These days, trips down memory lane are a frightening experience. I am now that older person who reminisces about how things used to be. Today I had lunch with my Dad and Brother is a tea shop in Newport which was once a bookshop where I had a Saturday job when I was at school. We dined in the small side room that once housed children’s books.

I loved that job. I’d do the stock take in the morning, unpack the week’s deliveries and take great delight ringing people to tell them the books they had ordered had finally arrived. By lunch time I’d take over serving customers and in quiet moments would pull up a stool and browse through new books. It was gut wrenching to be made redundant because they had taken on someone on a youth training scheme and didn’t need us both. I secretly hoped that the ghost that inhabited the Tudor Building would frighten her away.

It’s a bit ghostly to revisit places and they be so familiar yet not.
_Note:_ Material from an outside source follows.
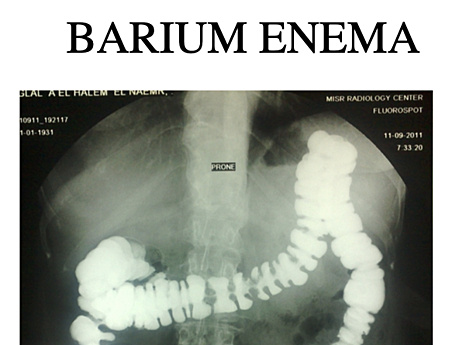 Radiología intervencionista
Things seem new but still as they were.

Ancient lanes I cruised through during my teenage years are now woven with new by-pass roads. Old properties now crowded in by new builds. Trees planted 3o plus years ago in our old front garden are now towering specimens.

I suspect that if my mum had not been laid to rest in the local village church I’ve never had returned to the area after my Dad moved away. I like these little visits as a family, brings back happy memories and I get a chance to pay a special compliment to my mum. A spot of clothes shopping in a little boutique in Newport, something my mum and I used to enjoy. Or at least that’s my retail therapy excuse.